→ Exercise objective
Beginning with the line below that contains "에르메스 실크100% 프린트 니트 풀오버 가디건" and ending with the line that contains "Yacht Photos Pics", retype every line exactly. Pictures are not copied.

→ Recorded data
------------------------

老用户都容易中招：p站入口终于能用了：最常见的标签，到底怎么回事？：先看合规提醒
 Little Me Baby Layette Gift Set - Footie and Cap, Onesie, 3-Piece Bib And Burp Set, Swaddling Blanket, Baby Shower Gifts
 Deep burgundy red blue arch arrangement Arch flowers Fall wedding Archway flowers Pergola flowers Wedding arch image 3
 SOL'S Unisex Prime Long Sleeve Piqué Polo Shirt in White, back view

------------------------

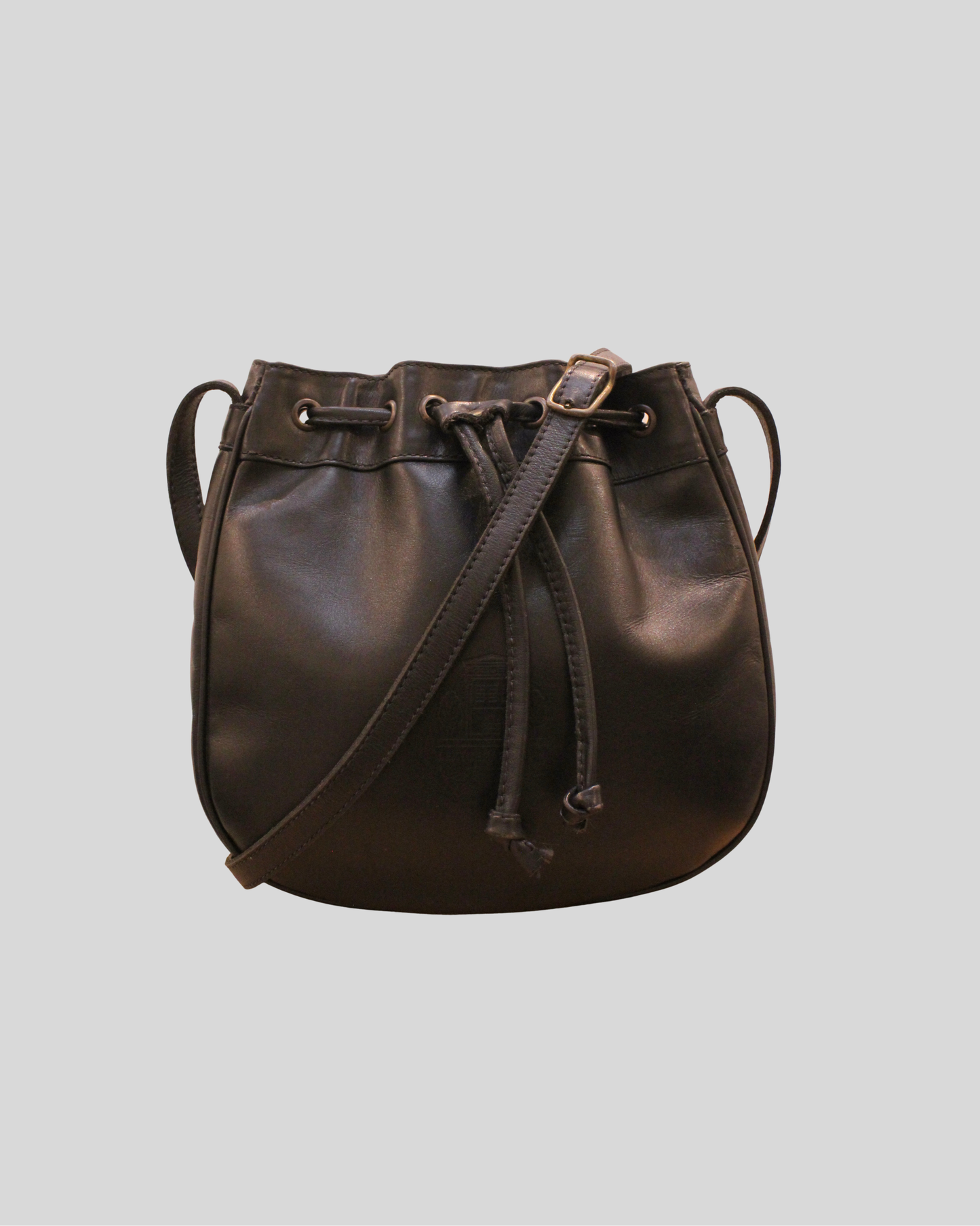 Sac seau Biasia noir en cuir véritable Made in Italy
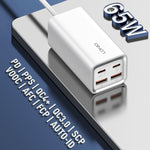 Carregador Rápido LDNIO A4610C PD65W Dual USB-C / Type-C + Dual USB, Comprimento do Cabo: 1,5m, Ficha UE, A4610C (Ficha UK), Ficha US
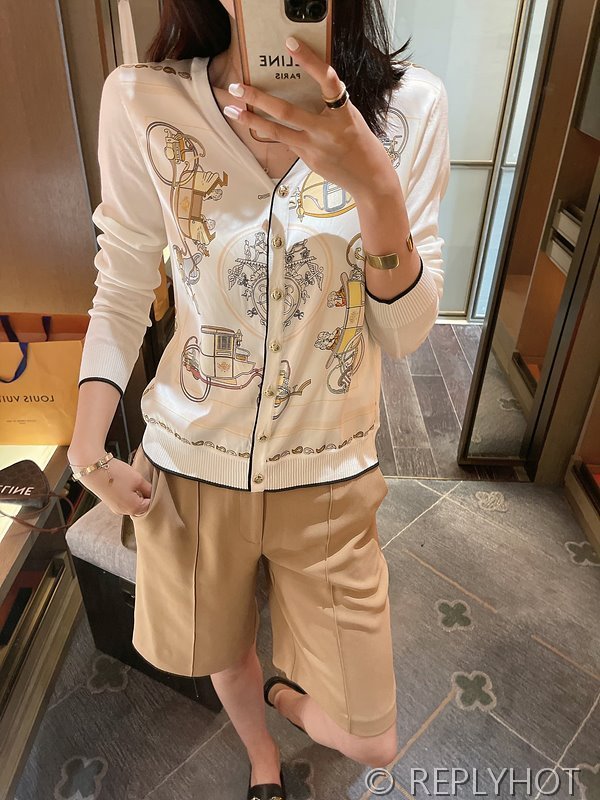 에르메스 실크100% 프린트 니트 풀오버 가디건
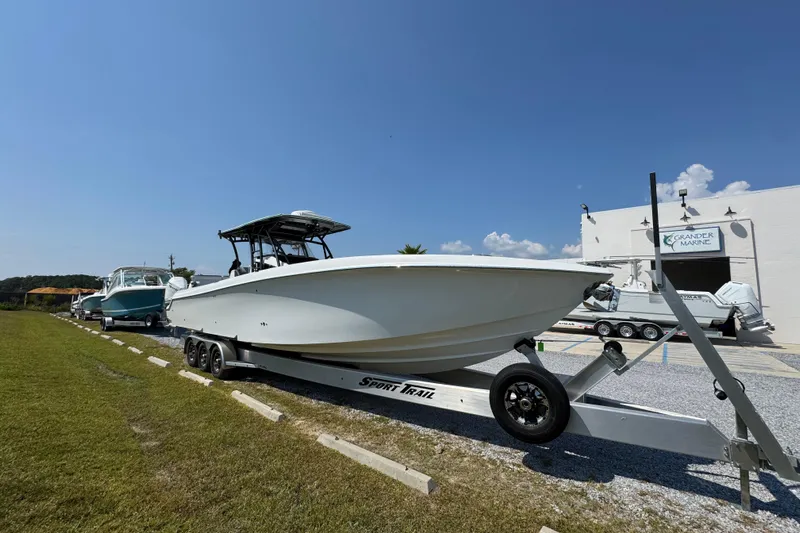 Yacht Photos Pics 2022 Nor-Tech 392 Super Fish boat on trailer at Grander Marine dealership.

------------------------

→ Your response
 에르메스 실크100% 프린트 니트 풀오버 가디건
 Yacht Photos Pics 2022 Nor-Tech 392 Super Fish boat on trailer at Grander Marine dealership.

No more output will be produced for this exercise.